**Assignment:**
Copy nothing but the text: reproduce each line of the listing exactly and leave the pictures out.

**Stored data:**
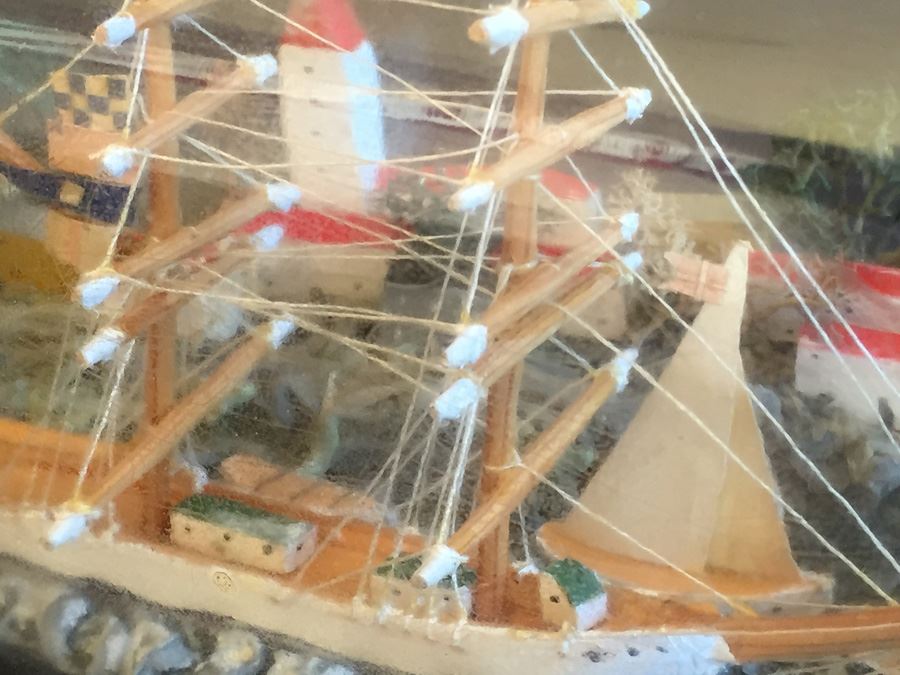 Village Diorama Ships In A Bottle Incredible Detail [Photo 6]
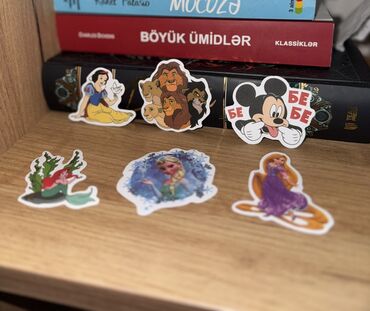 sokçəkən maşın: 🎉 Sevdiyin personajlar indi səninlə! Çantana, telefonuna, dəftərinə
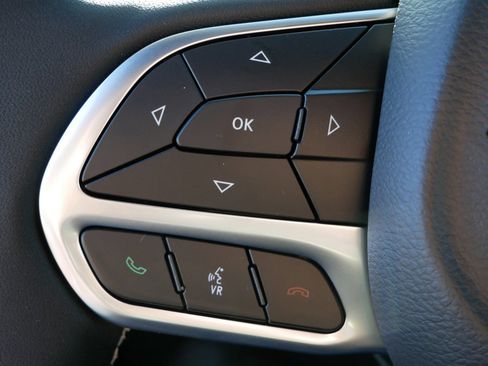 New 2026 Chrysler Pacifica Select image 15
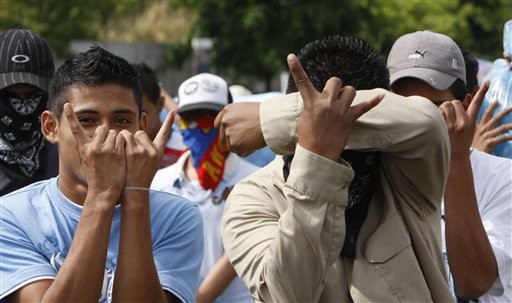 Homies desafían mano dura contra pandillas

**Written solution:**
 Village Diorama Ships In A Bottle Incredible Detail [Photo 6]
 sokçəkən maşın: 🎉 Sevdiyin personajlar indi səninlə! Çantana, telefonuna, dəftərinə
 New 2026 Chrysler Pacifica Select image 15
 Homies desafían mano dura contra pandillas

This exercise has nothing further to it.